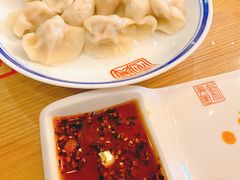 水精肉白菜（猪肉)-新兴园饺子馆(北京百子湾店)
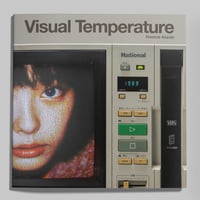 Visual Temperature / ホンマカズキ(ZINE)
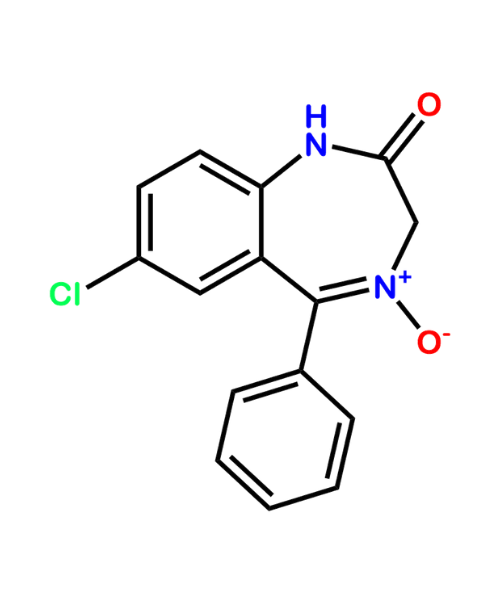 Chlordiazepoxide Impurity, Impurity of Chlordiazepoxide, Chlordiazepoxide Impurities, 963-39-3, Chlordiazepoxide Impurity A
---
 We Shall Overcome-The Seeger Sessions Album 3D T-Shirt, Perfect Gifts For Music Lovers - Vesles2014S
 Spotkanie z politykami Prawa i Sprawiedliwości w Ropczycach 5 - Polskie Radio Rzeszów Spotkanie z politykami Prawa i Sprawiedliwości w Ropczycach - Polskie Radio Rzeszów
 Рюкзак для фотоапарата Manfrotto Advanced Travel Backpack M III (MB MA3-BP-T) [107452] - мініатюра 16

→ **Try it**
All lines above between those holding "Spotkanie z politykami Prawa i Sprawiedliwości w Ropczycach 5" and "Рюкзак для фотоапарата", inclusive, must be set down unchanged, and no other line may be included.

→ **Solution to the problem**
 Spotkanie z politykami Prawa i Sprawiedliwości w Ropczycach 5 - Polskie Radio Rzeszów Spotkanie z politykami Prawa i Sprawiedliwości w Ropczycach - Polskie Radio Rzeszów
 Рюкзак для фотоапарата Manfrotto Advanced Travel Backpack M III (MB MA3-BP-T) [107452] - мініатюра 16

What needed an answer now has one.